For-profit schools are preying on veterans because of their GI Bill money, Wofford said, and also because of the so-called 90/10 loophole. Under a Higher Education Act, for-profit schools are required to derive at least 10% of their income from private funds, while the remainder can come from federal aid from the US Department of Education. .

But because the GI Bill’s money comes from the US Department of Veterans Affairs rather than the Department of Education, these schools can use this aid to meet their non-federal needs.

“It was an accounting gimmick, but it made for-profit schools target veterans,” Wofford said. (The American Rescue Plan Act, the $ 1.9 trillion stimulus package passed in March, addressed that problem by closing the loophole, but the effective date is pushed back to 2023.)

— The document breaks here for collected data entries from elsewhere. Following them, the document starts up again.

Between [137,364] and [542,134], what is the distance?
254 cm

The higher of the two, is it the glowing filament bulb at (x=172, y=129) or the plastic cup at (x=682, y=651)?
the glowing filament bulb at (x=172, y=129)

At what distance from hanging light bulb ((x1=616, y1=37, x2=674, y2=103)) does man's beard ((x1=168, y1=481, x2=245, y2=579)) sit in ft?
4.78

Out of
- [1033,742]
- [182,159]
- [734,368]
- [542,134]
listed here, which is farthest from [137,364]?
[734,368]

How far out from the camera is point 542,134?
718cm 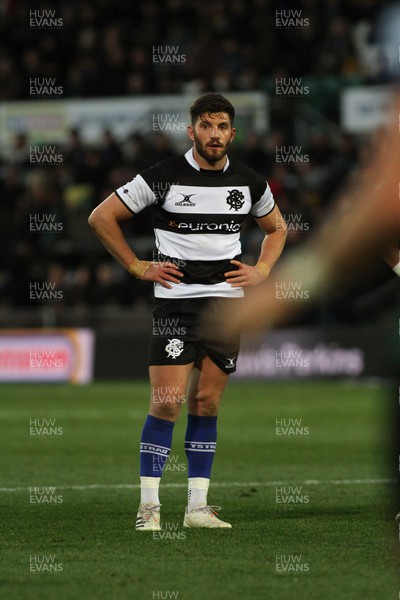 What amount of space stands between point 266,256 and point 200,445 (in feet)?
3.66

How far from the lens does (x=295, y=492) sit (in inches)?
339

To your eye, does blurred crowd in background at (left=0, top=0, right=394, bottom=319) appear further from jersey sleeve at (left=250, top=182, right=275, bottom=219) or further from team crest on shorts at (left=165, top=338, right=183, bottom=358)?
team crest on shorts at (left=165, top=338, right=183, bottom=358)

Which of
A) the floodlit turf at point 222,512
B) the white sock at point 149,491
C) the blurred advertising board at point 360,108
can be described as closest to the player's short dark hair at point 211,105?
the white sock at point 149,491

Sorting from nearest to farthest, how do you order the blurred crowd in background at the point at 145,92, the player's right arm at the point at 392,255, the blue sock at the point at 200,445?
the player's right arm at the point at 392,255
the blue sock at the point at 200,445
the blurred crowd in background at the point at 145,92

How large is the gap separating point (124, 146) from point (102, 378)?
4303mm

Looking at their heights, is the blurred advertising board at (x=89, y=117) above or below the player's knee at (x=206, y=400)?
above

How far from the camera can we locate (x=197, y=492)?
7047 millimetres

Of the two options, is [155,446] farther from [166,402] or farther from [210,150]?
[210,150]

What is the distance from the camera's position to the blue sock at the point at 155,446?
6.82 m

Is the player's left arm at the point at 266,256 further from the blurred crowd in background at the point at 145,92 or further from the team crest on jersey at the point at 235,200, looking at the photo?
the blurred crowd in background at the point at 145,92

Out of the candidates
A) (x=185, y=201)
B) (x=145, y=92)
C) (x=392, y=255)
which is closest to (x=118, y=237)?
(x=185, y=201)

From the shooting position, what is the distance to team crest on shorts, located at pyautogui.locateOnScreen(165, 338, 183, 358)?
268 inches

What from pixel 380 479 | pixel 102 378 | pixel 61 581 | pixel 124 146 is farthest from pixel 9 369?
pixel 61 581

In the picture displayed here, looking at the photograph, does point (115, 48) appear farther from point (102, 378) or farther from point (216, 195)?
point (216, 195) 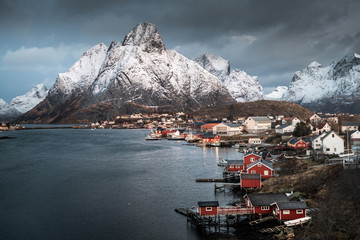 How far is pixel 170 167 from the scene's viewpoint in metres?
56.1

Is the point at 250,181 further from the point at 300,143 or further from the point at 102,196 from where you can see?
the point at 300,143

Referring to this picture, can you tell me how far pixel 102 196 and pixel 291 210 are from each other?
20.4m

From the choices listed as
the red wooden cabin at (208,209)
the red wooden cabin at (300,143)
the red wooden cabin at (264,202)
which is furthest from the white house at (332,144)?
the red wooden cabin at (208,209)

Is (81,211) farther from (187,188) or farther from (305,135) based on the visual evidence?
(305,135)

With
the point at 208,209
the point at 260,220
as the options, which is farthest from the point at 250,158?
the point at 260,220

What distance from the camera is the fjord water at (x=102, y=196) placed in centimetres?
2830

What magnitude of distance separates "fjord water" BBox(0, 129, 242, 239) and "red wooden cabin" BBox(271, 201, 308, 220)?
6.41 m

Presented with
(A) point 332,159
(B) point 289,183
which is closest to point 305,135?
(A) point 332,159

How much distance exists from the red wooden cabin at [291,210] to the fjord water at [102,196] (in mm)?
6411

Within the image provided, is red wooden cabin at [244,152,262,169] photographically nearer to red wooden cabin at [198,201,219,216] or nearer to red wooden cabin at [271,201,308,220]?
red wooden cabin at [198,201,219,216]

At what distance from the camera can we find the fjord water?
28.3m

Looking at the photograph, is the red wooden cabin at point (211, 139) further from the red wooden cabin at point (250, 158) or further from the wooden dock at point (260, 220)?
the wooden dock at point (260, 220)

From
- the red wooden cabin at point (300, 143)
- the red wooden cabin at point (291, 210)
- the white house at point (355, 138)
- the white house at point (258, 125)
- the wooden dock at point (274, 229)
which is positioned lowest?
the wooden dock at point (274, 229)

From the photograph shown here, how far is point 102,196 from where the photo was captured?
38.1 metres
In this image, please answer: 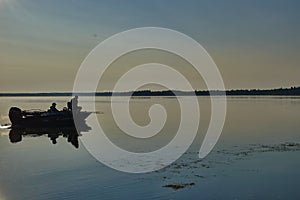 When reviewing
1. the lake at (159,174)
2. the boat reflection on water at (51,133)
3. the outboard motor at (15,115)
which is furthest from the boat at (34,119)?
the lake at (159,174)

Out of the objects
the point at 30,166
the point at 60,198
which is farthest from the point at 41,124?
the point at 60,198

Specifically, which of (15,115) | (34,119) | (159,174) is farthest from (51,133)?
(159,174)

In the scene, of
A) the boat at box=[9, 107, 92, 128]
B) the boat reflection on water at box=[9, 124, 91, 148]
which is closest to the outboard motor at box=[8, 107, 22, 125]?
the boat at box=[9, 107, 92, 128]

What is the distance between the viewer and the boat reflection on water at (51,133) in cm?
3738

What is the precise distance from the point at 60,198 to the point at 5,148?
1697cm

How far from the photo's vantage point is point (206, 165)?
75.8 ft

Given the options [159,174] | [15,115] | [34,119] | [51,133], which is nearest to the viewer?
[159,174]

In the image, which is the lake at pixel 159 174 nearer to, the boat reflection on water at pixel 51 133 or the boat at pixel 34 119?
the boat reflection on water at pixel 51 133

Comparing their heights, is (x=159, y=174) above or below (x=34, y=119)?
below

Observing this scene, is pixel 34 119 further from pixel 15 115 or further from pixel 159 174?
pixel 159 174

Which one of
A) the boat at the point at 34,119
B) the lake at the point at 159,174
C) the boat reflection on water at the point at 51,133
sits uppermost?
the boat at the point at 34,119

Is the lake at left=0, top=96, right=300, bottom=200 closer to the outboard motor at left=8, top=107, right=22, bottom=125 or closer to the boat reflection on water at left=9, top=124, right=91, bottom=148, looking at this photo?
the boat reflection on water at left=9, top=124, right=91, bottom=148

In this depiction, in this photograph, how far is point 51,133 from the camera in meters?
42.9

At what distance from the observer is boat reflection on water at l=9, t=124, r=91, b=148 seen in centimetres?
3738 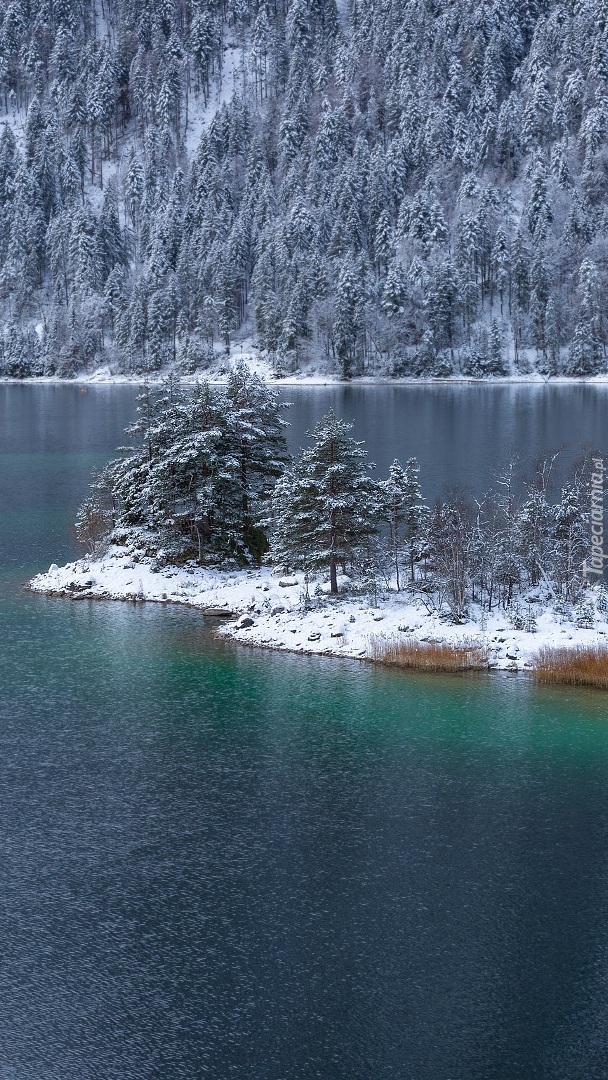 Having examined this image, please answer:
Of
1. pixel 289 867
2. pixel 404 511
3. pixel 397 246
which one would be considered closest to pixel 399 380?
pixel 397 246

All of this explains, at least in part, why about a fifth of undergraduate veterans enroll in for-profit schools, more than double the share of students who are veterans (9%), according to one. rough estimate by higher education expert Mark Kantrowitz. Despite the generous benefits of the GI Bill, at least 320,000 veterans are struggling with student loans and over 11% are in default.

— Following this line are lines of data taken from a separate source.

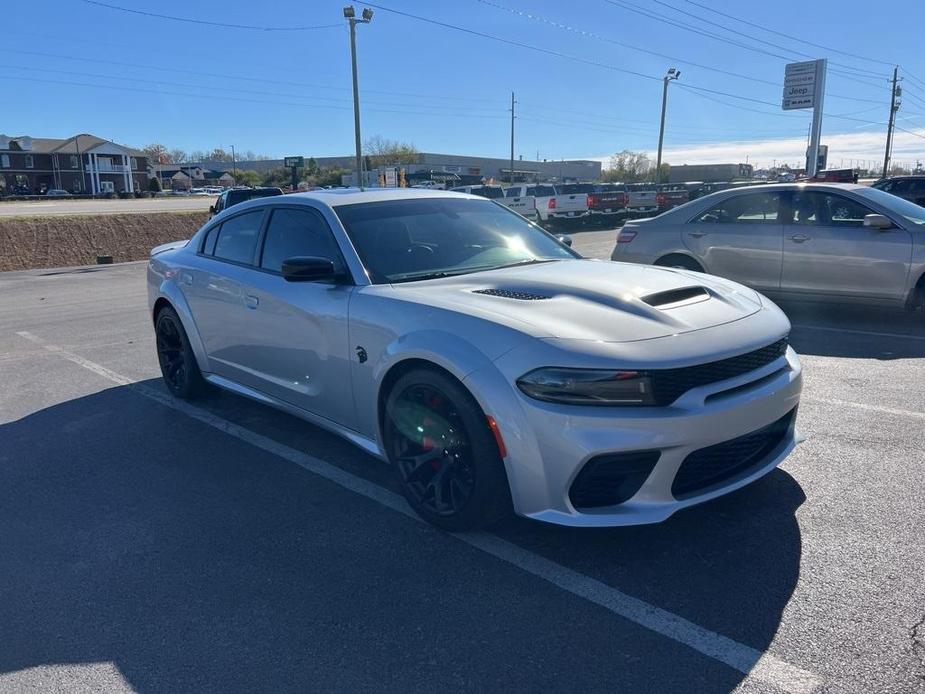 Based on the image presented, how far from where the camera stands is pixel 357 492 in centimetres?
424

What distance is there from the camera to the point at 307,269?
160 inches

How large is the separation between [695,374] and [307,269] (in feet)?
6.76

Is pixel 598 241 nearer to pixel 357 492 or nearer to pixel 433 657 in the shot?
pixel 357 492

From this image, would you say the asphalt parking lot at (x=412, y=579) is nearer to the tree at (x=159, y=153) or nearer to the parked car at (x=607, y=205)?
the parked car at (x=607, y=205)

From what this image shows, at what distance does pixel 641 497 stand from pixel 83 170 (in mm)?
108590

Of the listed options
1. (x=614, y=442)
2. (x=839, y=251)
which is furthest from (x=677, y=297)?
(x=839, y=251)

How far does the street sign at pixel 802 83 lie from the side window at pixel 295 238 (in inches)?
1253

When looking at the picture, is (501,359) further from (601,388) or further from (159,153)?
(159,153)

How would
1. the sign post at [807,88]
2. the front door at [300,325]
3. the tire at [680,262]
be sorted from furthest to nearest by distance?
the sign post at [807,88] → the tire at [680,262] → the front door at [300,325]

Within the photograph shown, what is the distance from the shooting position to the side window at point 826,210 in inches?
324

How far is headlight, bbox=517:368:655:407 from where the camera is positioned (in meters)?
3.10

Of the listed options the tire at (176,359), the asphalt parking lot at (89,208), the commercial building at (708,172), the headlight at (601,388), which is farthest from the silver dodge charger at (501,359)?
the commercial building at (708,172)

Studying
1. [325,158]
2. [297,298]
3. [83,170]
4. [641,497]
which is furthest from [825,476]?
[325,158]

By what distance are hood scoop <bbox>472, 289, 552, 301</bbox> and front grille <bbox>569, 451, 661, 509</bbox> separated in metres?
0.96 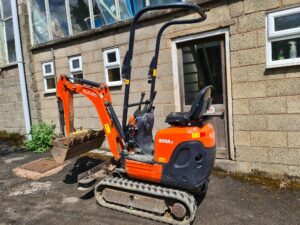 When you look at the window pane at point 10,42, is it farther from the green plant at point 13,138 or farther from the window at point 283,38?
the window at point 283,38

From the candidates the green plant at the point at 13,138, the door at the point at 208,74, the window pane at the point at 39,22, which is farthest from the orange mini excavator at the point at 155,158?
the green plant at the point at 13,138

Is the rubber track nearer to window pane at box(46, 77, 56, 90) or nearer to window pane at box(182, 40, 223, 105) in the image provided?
window pane at box(182, 40, 223, 105)

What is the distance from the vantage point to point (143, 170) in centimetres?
382

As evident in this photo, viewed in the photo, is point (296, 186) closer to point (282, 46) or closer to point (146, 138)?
point (282, 46)

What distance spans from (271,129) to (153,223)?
2.62 metres

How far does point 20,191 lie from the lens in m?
4.85

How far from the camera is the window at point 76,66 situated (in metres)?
7.23

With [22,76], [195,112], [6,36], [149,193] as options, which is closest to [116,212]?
[149,193]

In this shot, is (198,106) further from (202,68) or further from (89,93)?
(202,68)

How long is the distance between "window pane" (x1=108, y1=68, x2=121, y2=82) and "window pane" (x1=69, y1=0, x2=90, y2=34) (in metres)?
1.47

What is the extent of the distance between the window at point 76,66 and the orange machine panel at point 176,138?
4.44m

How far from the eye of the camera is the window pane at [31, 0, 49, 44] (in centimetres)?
800

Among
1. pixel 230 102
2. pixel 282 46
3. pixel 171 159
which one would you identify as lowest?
pixel 171 159

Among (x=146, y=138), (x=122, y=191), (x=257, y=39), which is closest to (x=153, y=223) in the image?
(x=122, y=191)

Despite improvements for defrauded students under the Biden administration, Wofford said it was mind-boggling to see more requests for help not being granted when it is clear the schools in question were fraudulent. Some of these schools even remain eligible for federal funding.

“There is enough government evidence on some schools that they need to start cutting schools,” she said. “Why is this school still eligible for Federal Student Aid? Why is it still allowed to get the GI Bill [funds]? “

The White House did not respond to a request for comment.

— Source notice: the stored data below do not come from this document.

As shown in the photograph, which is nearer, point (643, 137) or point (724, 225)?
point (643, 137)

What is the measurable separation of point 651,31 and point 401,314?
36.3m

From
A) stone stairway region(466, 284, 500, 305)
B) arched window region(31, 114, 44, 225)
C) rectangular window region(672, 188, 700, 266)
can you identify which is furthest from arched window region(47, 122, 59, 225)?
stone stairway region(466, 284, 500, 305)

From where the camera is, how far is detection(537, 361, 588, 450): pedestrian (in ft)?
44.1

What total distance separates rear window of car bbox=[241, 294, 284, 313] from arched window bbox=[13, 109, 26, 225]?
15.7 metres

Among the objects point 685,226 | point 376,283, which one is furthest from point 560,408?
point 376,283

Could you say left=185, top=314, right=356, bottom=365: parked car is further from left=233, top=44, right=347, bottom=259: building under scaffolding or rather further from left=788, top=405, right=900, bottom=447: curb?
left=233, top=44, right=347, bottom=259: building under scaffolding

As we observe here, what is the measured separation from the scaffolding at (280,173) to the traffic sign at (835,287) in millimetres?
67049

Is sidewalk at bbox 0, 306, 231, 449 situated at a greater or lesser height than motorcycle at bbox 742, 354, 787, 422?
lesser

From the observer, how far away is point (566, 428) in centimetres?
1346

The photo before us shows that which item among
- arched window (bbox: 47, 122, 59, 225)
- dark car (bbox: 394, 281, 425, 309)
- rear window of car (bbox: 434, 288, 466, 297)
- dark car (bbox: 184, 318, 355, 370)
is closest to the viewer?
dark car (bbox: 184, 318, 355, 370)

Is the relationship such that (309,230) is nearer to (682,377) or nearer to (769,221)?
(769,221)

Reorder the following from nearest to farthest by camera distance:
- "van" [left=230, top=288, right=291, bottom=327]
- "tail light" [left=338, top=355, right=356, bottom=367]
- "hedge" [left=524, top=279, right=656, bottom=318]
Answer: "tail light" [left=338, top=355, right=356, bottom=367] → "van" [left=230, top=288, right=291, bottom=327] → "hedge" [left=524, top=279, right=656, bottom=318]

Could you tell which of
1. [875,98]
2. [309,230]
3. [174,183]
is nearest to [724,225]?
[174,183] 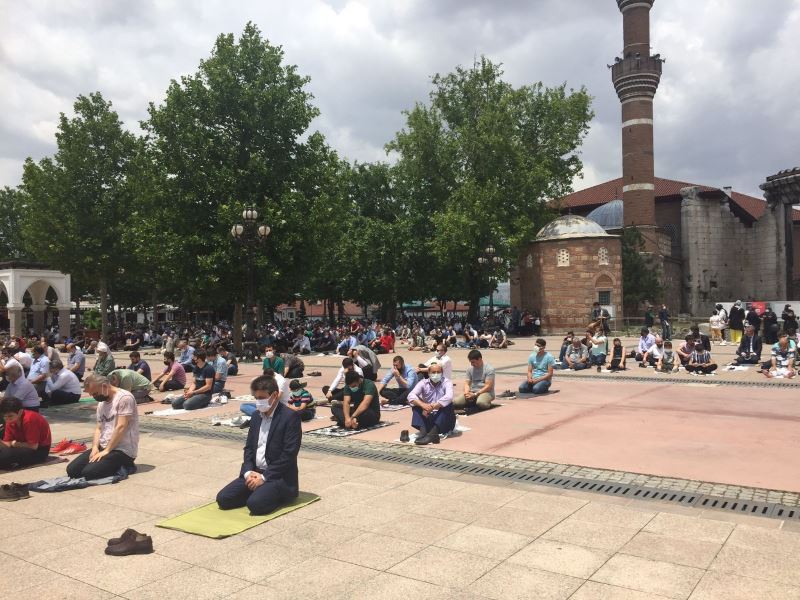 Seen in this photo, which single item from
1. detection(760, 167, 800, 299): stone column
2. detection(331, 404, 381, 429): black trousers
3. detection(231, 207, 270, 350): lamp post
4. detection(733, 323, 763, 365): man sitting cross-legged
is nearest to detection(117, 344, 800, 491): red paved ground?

Even for veterans whose student loans have been canceled, problems remain.

David Reyasbautista, who served in the navies from 1999 to 2003, also attended a school owned by Corinthian Colleges, which he says left him worse off.

Reyasbautista, 43, believed his studies would lead to a job at one of America’s largest automakers. “They said, ‘You will hear Chevrolet, Ford and Dodge’,” he said. “I wanted to make my children proud.” Reyesbautista, who now lives in Riverside, California, has six children.

But after graduating, he couldn’t even land a job at a local machine shop. “No one would hire me,” he said. “They were looking at my certificate and laughing.”

David Reyasbautista

Courtesy of: David Reyasbautista

This year, his borrower defense request was approved by the Biden administration and his federal student loans were canceled. But he is not eligible to use his GI Bill education benefits again. Lawyers say Congress has yet to give veterans the right to restore their GI Bill in the event of fraud, unless the school has closed or has been frowned upon for funding, and even then the rules. are narrow.

Reyasbautista wants to go back to school to learn physical education and training, but he cannot afford it. His work problems persist today and he is currently unemployed.

“It’s excruciating because I know I can use it better if I get a second chance,” he said.

He continues to plead his case with the Department of Veterans Affairs on why he should be able to return to school, and he lamented the fact that it was not easier after the government had already determined that his first school was ‘had deceived.

“Why should I fight them to get what I deserve?” He asked.